Introducing Qubole Release 59

Start Free Trial
May 26, 2020 by Updated March 22nd, 2024

Qubole regularly releases its software for processing petabytes of data on the cloud through major releases once a quarter. This is in addition to several hotfixes and quick fixes that get released frequently to fix production bugs and release smaller features.

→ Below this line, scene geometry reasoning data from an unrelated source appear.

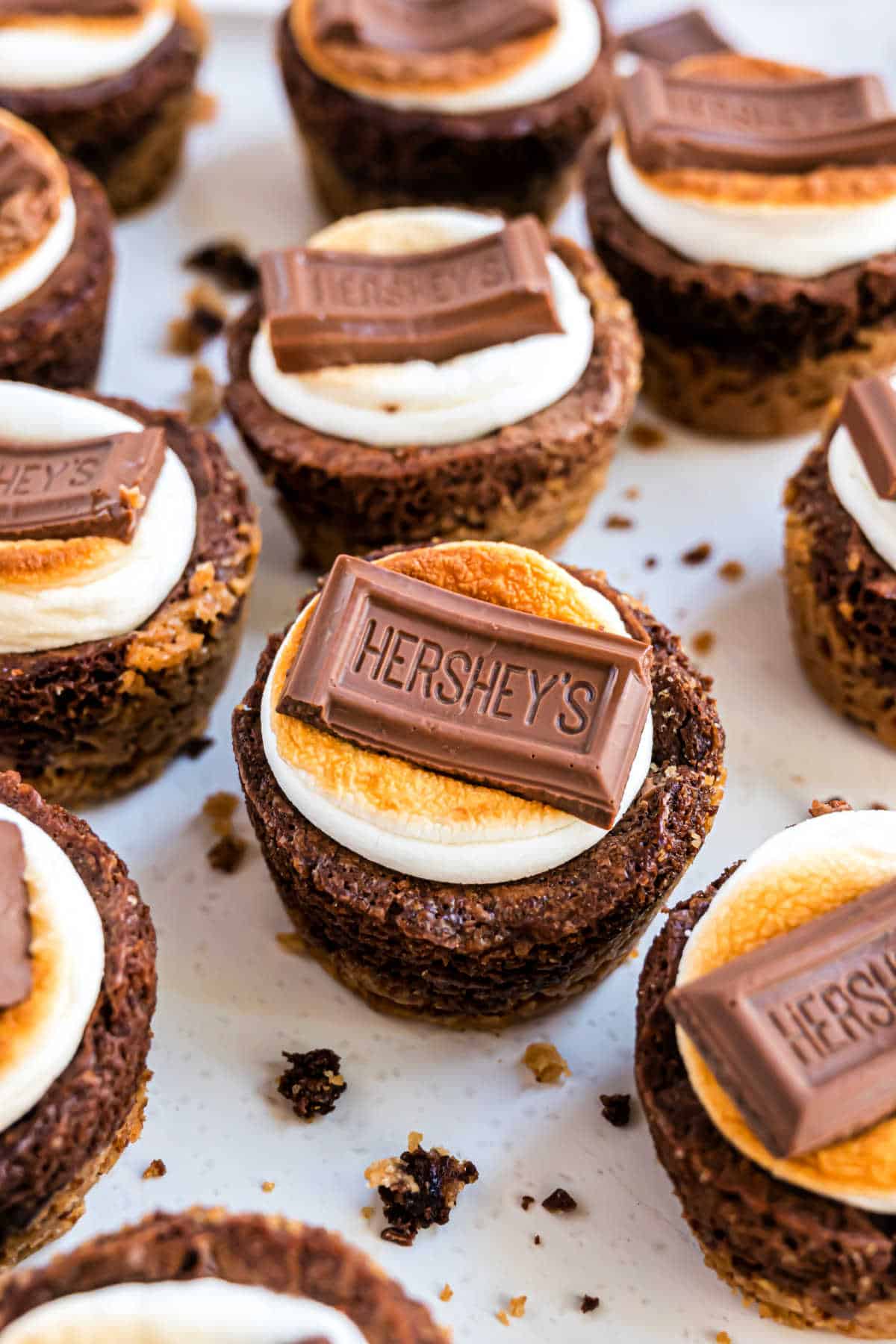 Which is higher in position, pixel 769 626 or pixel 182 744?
pixel 769 626

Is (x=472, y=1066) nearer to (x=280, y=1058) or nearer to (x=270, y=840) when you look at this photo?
(x=280, y=1058)

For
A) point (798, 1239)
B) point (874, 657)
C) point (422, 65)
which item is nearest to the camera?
point (798, 1239)

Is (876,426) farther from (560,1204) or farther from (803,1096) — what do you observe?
(560,1204)

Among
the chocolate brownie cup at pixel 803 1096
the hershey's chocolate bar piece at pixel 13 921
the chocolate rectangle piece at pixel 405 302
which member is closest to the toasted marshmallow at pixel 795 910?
the chocolate brownie cup at pixel 803 1096

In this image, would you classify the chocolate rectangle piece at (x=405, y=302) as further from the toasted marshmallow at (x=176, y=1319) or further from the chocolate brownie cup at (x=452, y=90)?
the toasted marshmallow at (x=176, y=1319)

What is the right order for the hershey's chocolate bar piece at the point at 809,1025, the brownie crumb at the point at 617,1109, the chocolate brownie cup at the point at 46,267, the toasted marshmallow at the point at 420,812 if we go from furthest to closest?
the chocolate brownie cup at the point at 46,267, the brownie crumb at the point at 617,1109, the toasted marshmallow at the point at 420,812, the hershey's chocolate bar piece at the point at 809,1025

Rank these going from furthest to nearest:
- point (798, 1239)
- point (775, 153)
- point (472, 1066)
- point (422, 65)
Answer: point (422, 65)
point (775, 153)
point (472, 1066)
point (798, 1239)

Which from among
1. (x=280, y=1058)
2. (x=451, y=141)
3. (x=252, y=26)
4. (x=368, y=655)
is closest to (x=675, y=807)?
(x=368, y=655) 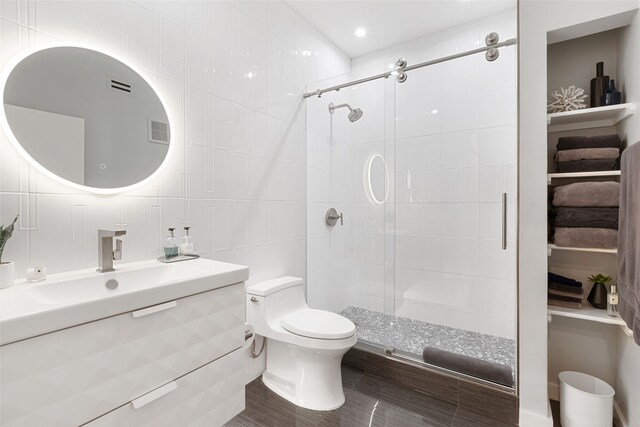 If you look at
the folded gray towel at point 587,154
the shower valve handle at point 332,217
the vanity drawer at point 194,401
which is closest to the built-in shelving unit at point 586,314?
the folded gray towel at point 587,154

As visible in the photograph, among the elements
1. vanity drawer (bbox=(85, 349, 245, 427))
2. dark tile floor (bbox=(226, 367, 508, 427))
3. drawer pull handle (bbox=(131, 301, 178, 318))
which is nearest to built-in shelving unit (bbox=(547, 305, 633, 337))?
dark tile floor (bbox=(226, 367, 508, 427))

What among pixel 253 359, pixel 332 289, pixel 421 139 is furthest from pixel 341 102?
pixel 253 359

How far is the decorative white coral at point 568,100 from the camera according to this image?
5.65 feet

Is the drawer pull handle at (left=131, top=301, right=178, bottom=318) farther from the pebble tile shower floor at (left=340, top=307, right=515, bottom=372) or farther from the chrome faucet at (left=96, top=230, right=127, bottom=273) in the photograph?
the pebble tile shower floor at (left=340, top=307, right=515, bottom=372)

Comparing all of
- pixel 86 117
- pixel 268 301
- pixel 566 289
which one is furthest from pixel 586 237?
pixel 86 117

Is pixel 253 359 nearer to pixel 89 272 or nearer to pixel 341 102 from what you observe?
pixel 89 272

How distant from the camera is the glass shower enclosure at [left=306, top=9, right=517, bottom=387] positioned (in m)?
2.32

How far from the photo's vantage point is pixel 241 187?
75.8 inches

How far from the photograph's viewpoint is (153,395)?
0.94 m

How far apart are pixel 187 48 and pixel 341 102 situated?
4.15 ft

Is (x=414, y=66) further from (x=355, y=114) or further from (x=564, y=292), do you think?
(x=564, y=292)

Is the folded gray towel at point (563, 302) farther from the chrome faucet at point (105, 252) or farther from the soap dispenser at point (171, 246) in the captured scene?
the chrome faucet at point (105, 252)

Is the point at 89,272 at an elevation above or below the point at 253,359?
above

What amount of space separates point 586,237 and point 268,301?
179cm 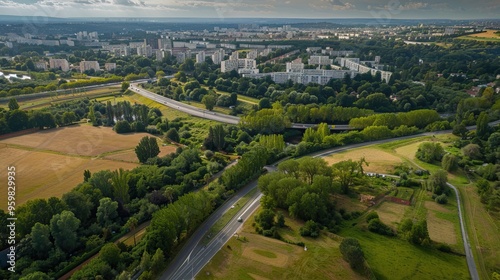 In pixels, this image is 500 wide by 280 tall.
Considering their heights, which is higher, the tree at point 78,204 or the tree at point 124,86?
Answer: the tree at point 124,86

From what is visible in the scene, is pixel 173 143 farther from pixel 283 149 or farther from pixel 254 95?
pixel 254 95

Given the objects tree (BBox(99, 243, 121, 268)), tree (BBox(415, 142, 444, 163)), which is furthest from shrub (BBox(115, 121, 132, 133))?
tree (BBox(415, 142, 444, 163))

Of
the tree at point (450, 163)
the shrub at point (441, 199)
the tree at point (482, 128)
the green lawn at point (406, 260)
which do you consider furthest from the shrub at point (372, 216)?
the tree at point (482, 128)

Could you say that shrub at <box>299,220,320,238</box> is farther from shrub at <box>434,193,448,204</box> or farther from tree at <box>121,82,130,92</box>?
tree at <box>121,82,130,92</box>

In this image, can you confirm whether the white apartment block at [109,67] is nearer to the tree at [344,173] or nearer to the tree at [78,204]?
the tree at [78,204]

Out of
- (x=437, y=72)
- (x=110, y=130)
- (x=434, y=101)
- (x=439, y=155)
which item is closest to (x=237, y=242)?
(x=439, y=155) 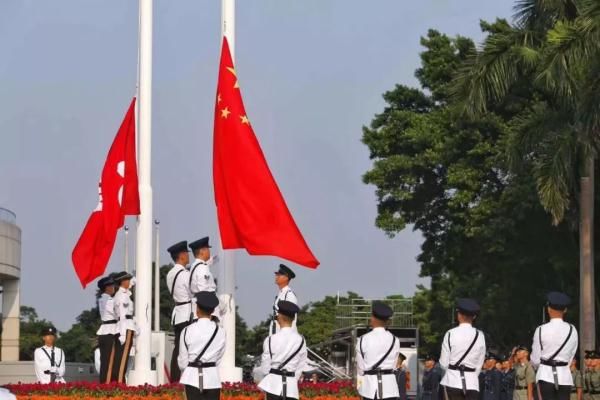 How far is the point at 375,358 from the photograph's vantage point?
1444 centimetres

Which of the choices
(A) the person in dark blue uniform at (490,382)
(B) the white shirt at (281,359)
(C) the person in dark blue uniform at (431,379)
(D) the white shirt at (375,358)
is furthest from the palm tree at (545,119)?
(B) the white shirt at (281,359)

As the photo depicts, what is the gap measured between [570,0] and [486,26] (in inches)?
465

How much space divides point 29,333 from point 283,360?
67675mm

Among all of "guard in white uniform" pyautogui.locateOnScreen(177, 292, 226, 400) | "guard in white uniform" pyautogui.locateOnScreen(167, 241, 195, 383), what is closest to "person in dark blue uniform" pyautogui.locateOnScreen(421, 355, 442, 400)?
"guard in white uniform" pyautogui.locateOnScreen(167, 241, 195, 383)

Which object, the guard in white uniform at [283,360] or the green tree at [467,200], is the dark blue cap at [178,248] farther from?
the green tree at [467,200]

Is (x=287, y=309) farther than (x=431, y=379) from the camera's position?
No

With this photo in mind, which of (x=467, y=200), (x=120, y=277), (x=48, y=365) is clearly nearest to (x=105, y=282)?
(x=120, y=277)

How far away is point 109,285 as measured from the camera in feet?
67.6

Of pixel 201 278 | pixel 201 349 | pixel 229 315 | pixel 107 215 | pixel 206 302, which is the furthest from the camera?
pixel 107 215

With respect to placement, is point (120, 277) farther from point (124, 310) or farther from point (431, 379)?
point (431, 379)

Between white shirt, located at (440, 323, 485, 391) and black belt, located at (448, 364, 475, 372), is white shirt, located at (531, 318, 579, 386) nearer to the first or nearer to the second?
white shirt, located at (440, 323, 485, 391)

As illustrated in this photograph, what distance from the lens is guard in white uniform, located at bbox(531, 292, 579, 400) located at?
15.7 meters

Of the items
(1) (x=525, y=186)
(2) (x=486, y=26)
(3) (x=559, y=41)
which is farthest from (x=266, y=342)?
(2) (x=486, y=26)

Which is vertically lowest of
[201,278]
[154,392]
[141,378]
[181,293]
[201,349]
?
[154,392] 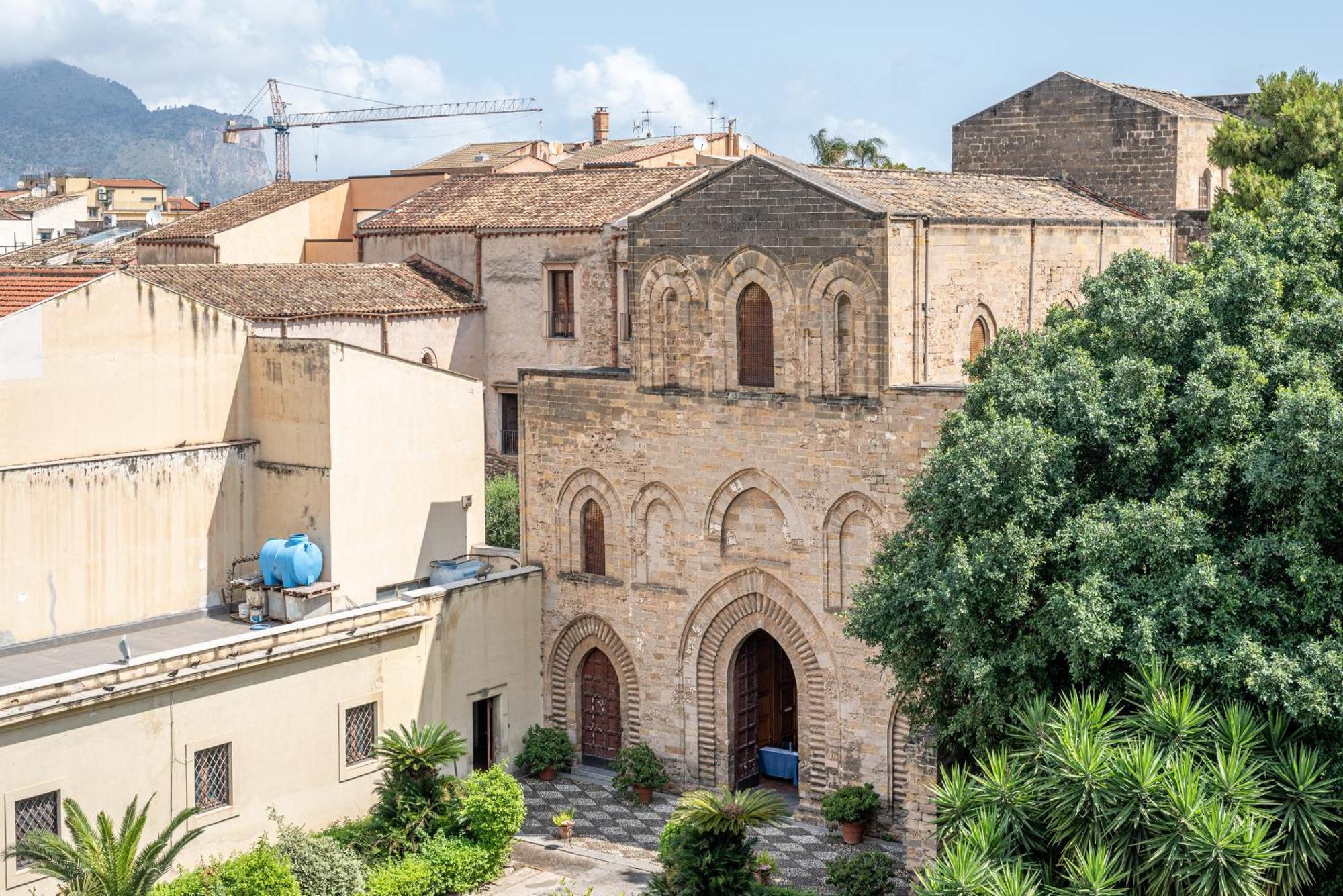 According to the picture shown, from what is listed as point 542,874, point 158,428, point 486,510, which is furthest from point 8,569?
point 486,510

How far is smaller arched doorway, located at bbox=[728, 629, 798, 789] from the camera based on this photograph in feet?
85.7

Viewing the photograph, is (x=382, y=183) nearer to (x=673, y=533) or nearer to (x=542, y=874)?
(x=673, y=533)

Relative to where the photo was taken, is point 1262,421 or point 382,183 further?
point 382,183

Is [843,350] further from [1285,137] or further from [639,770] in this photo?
[1285,137]

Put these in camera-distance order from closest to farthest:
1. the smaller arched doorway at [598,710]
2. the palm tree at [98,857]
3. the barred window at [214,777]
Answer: the palm tree at [98,857], the barred window at [214,777], the smaller arched doorway at [598,710]

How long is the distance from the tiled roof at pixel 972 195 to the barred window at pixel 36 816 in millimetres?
13300

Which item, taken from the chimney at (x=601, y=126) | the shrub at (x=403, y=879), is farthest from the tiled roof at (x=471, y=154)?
the shrub at (x=403, y=879)

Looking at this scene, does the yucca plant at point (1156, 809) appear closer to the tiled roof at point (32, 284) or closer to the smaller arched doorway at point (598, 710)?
the smaller arched doorway at point (598, 710)

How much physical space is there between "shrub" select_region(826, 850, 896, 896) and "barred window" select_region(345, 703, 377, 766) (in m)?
7.38

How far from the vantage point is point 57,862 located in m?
19.4

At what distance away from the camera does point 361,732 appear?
24781mm

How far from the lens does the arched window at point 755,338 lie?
25109 mm

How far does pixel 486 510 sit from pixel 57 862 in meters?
15.9

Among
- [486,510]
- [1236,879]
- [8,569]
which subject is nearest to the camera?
[1236,879] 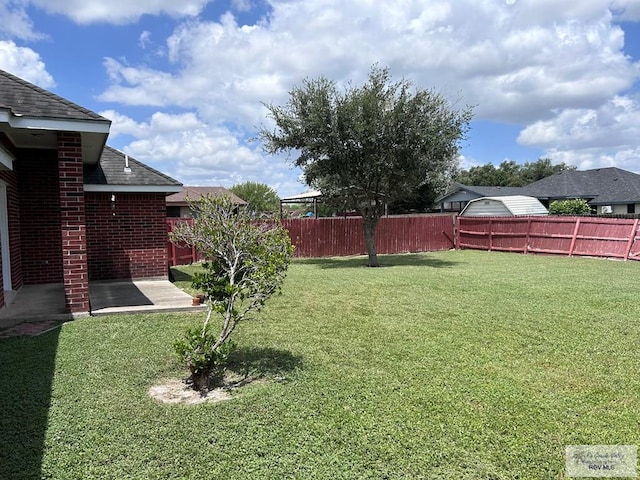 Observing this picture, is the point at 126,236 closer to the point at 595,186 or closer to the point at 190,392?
the point at 190,392

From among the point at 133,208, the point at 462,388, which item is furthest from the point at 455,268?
the point at 462,388

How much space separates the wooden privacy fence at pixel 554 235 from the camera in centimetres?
1558

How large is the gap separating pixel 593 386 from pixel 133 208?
9597mm

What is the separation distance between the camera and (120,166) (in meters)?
11.1

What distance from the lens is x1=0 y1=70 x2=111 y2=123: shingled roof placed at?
6082 mm

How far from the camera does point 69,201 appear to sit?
654 cm

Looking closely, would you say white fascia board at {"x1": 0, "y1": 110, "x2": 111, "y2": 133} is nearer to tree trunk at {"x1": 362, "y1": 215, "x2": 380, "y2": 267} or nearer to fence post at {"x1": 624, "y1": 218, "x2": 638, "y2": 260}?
tree trunk at {"x1": 362, "y1": 215, "x2": 380, "y2": 267}

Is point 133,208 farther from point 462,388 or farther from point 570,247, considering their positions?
point 570,247

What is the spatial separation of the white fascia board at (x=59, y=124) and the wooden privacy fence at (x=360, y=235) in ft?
35.2

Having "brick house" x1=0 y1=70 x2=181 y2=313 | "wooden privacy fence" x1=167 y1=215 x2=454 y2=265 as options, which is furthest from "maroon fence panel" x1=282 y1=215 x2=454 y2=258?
"brick house" x1=0 y1=70 x2=181 y2=313

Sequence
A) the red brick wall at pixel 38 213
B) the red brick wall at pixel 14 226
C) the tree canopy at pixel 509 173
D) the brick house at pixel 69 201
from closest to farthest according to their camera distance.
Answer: the brick house at pixel 69 201
the red brick wall at pixel 14 226
the red brick wall at pixel 38 213
the tree canopy at pixel 509 173

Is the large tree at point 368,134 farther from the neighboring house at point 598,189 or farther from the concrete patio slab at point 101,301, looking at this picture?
the neighboring house at point 598,189

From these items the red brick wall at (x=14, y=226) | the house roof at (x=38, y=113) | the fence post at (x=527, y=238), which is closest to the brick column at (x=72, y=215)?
the house roof at (x=38, y=113)

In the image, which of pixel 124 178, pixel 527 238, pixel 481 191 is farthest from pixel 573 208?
pixel 124 178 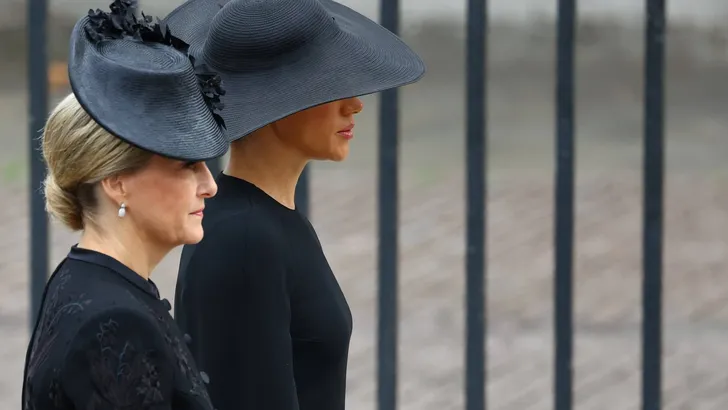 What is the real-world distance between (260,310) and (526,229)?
18.5ft

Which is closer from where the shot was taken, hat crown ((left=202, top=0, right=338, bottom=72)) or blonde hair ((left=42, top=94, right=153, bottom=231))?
blonde hair ((left=42, top=94, right=153, bottom=231))

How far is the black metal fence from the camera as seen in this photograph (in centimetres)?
295

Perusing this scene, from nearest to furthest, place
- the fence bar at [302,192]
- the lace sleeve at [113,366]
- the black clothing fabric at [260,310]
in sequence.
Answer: the lace sleeve at [113,366] < the black clothing fabric at [260,310] < the fence bar at [302,192]

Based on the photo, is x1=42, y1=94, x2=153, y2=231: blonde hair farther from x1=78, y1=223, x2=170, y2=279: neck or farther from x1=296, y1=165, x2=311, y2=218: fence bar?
x1=296, y1=165, x2=311, y2=218: fence bar

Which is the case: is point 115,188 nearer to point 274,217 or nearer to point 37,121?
point 274,217

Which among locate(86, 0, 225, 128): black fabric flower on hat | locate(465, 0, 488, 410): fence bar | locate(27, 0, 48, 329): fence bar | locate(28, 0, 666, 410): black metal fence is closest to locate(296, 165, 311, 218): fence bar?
locate(28, 0, 666, 410): black metal fence

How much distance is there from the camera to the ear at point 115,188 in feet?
5.28

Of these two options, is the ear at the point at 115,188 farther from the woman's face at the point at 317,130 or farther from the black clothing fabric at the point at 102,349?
the woman's face at the point at 317,130

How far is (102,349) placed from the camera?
1523mm

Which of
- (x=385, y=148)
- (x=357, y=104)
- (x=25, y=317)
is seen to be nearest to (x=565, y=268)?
(x=385, y=148)

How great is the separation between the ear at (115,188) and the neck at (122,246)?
0.15ft

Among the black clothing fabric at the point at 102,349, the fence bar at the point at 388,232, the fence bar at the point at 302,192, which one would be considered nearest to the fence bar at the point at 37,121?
the fence bar at the point at 302,192

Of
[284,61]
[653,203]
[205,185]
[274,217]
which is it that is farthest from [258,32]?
[653,203]

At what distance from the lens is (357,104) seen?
6.84ft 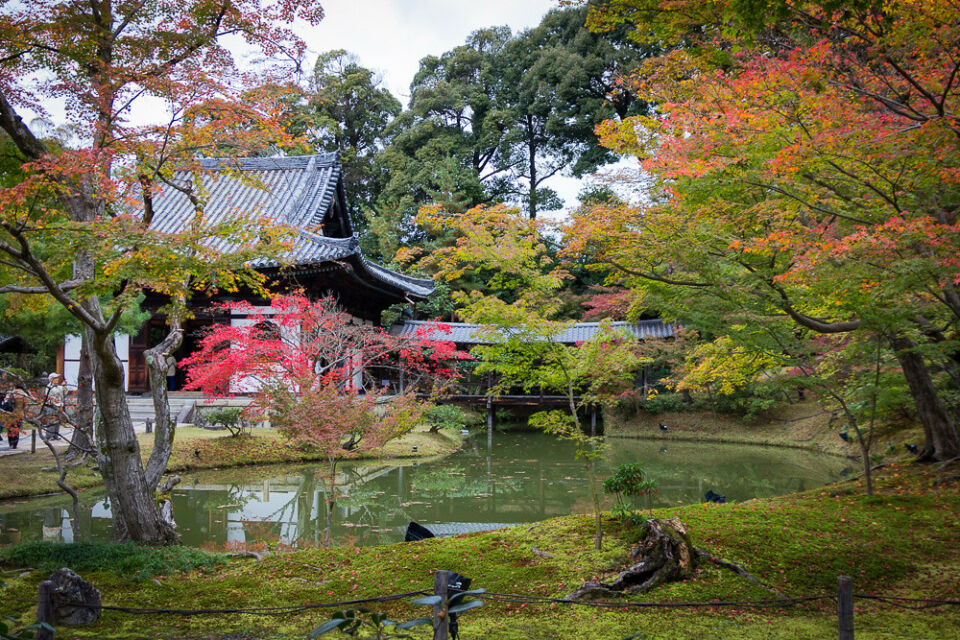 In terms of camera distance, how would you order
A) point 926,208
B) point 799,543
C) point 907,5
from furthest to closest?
point 799,543
point 926,208
point 907,5

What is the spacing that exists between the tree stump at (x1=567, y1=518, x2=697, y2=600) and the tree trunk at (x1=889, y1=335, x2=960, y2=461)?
541 cm

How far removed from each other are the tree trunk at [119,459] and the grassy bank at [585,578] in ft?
2.11

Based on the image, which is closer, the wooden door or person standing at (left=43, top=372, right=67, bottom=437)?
person standing at (left=43, top=372, right=67, bottom=437)

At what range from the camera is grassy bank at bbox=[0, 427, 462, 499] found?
9.72 m

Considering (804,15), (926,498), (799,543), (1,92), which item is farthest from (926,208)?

Qubole Release 59  (R59) is our 2nd major release for the year 2020.

This major release comprises several big features, bug fixes, and performance enhancements across Qubole’s open data lake platform,  such as:

  • Workbench improvements and General Availability (GA)  across Amazon Web Services (AWS), Microsoft Azure, and Google Cloud Platform (GCP) for Data Analysts.
  • AirFlow enhancements and Qubole Pipelines Service for Data Engineers
  • Package management and Jupyter enhancements for Data Scientists.
  • Several cluster administration enhancements, including integration with Azure Pre-Provisioned VM Service, Spot Block for auto-scaling nodes; Changes to master node composition.
  • Several data processing  engine enhancements, including:
    • ACID Capabilities: Read support added for all data processing engines.
    • Spark : Spark ACID Datasource 0.5.0 release (read / write).
    • Hive: Hive 1.2 deprecation; Hive 3.1.1 is now more robust and performant; Hive 2.3.6 upgrade; and support for Tez 0.9. Hive ACID support for read/write.
    • Presto: Presto 317 GA; Enhancements in Presto for next-generation cloud-agnostic ODBC/JDBC drivers; multiple automated workload management and operational governance capabilities; and improvements to dynamic filtering, and ACID read support.

Following is a description of these features in more detail.

For Data Analysts

We are proud to announce the general availability of Workbench in AWS, Azure, and GCP  environments. Key highlights include:

  • Gradual rollout progressing for collections and live cluster health metrics features.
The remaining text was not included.